• [ABOUT THIS EXERCISE] From the listing below, extract each entry exactly as written, minus the images.

• [SUPPLIED MATERIAL]

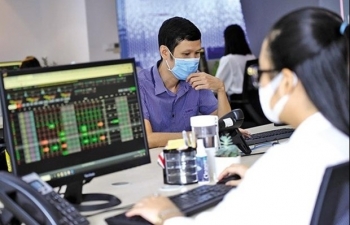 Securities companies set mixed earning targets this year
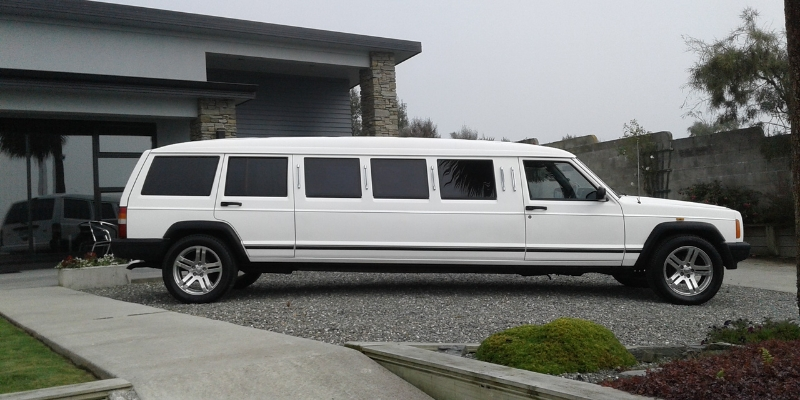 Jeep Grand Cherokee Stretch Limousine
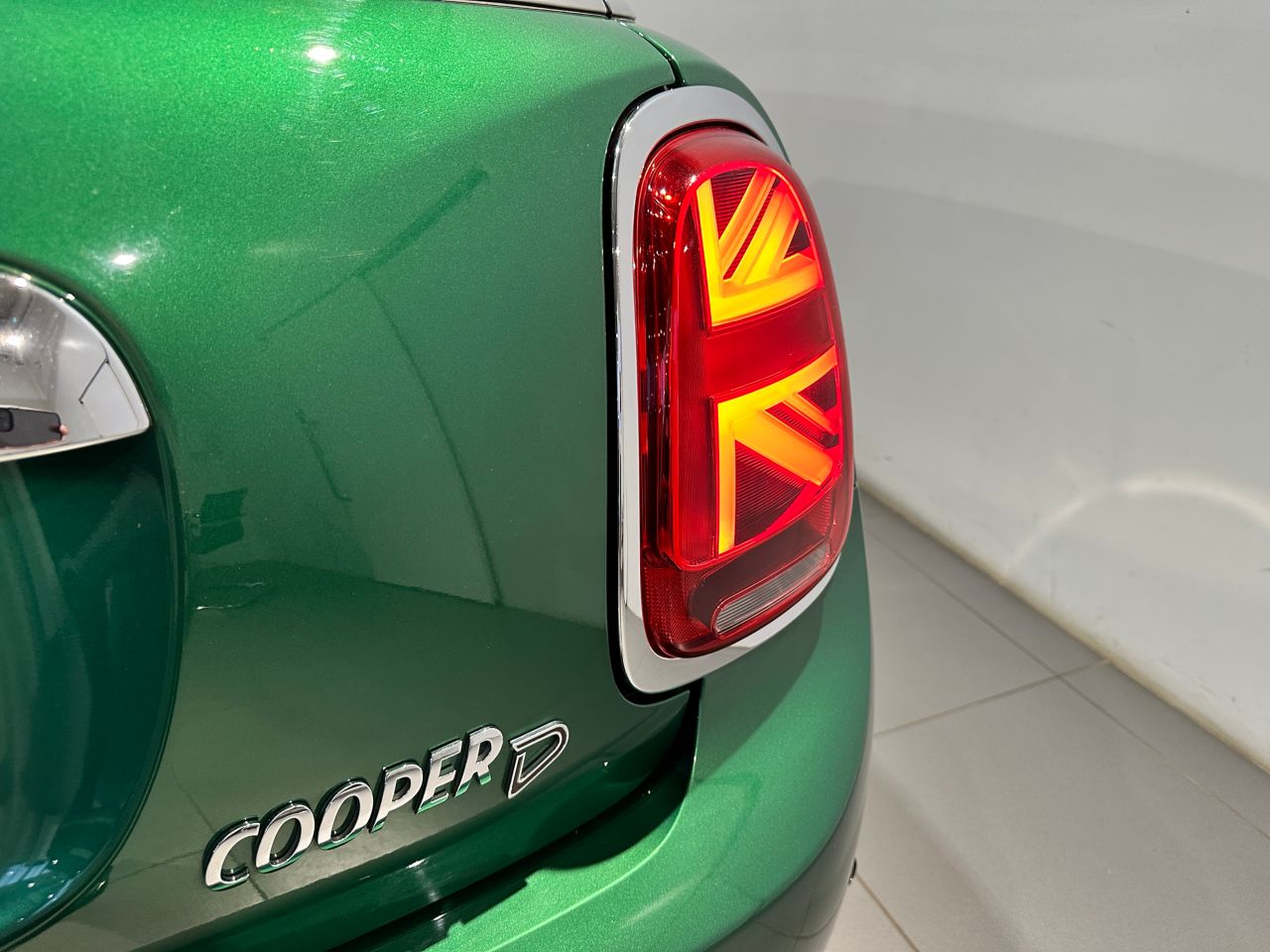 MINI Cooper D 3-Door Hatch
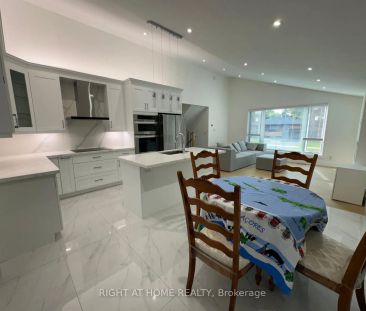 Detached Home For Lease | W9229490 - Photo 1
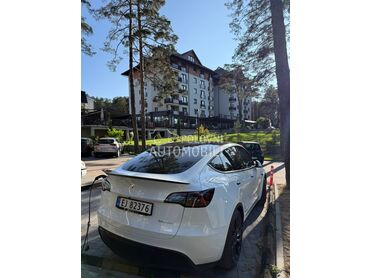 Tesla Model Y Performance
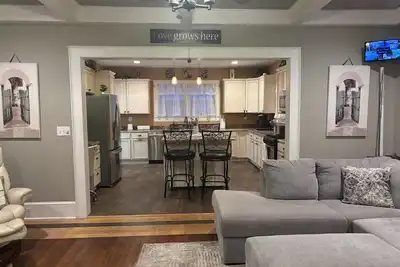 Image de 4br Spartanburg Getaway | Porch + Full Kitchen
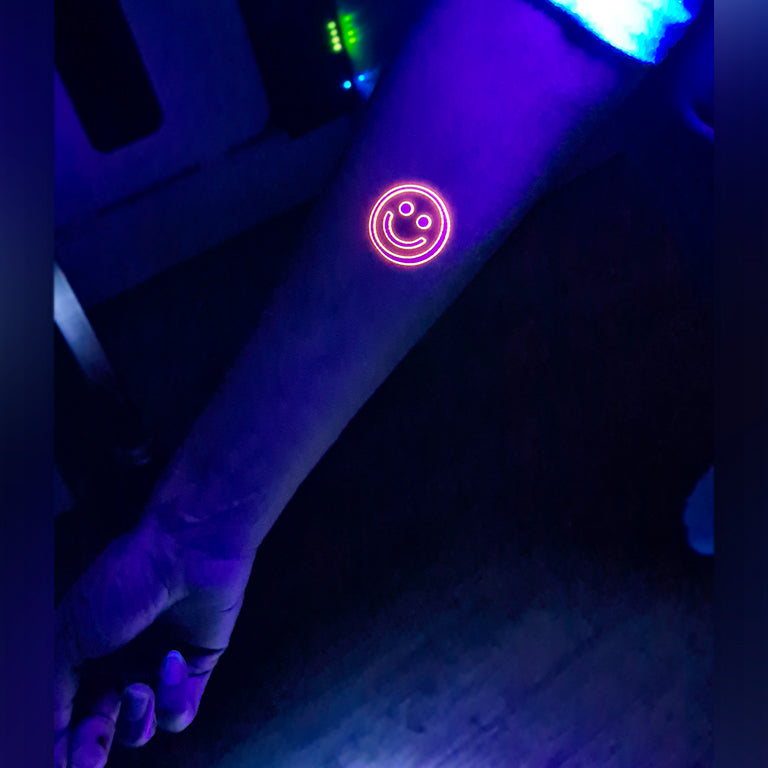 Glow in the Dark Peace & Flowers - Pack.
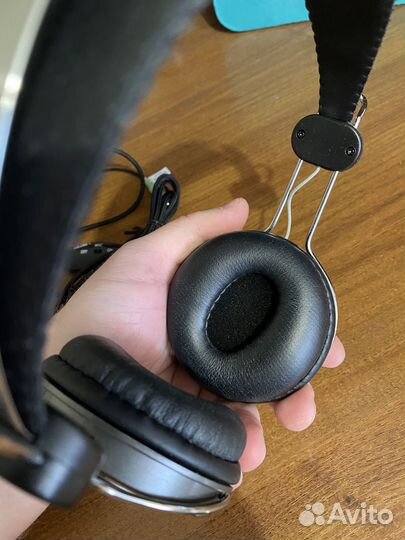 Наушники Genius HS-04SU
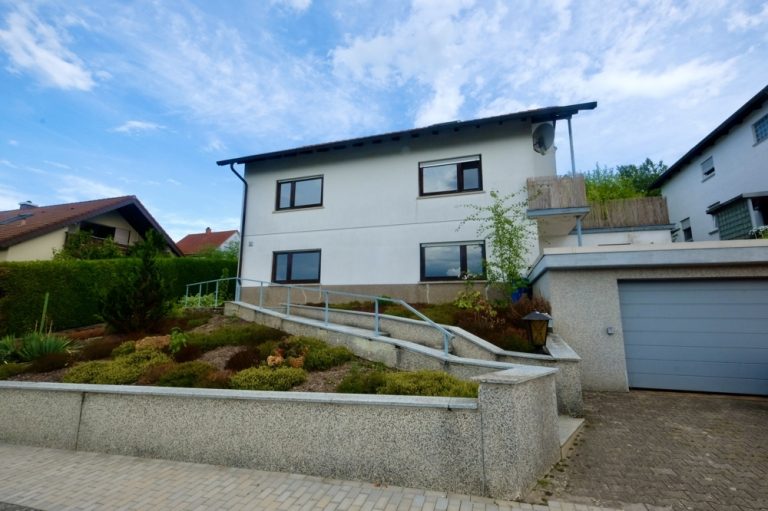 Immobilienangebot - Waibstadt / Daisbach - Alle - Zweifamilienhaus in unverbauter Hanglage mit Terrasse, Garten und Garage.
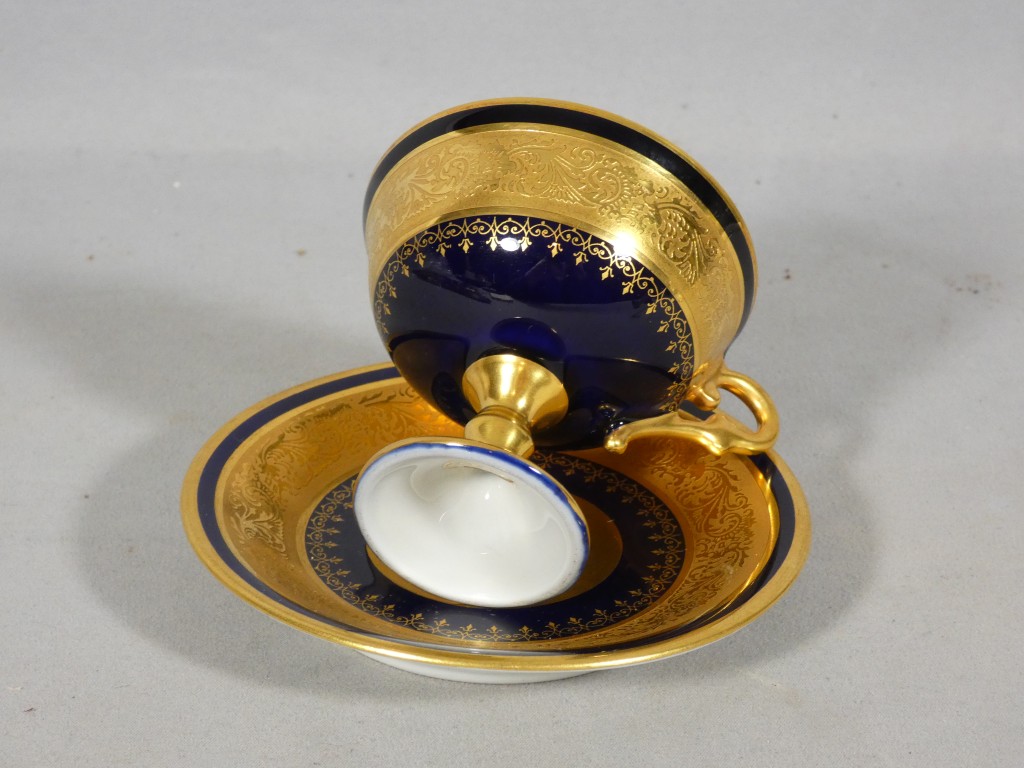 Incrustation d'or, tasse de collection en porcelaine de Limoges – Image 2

• [RESULT OF THIS TASK]
 Securities companies set mixed earning targets this year
 Jeep Grand Cherokee Stretch Limousine
 MINI Cooper D 3-Door Hatch
 Detached Home For Lease | W9229490 - Photo 1
 Tesla Model Y Performance
 Image de 4br Spartanburg Getaway | Porch + Full Kitchen
 Glow in the Dark Peace & Flowers - Pack.
 Наушники Genius HS-04SU
 Immobilienangebot - Waibstadt / Daisbach - Alle - Zweifamilienhaus in unverbauter Hanglage mit Terrasse, Garten und Garage.
 Incrustation d'or, tasse de collection en porcelaine de Limoges – Image 2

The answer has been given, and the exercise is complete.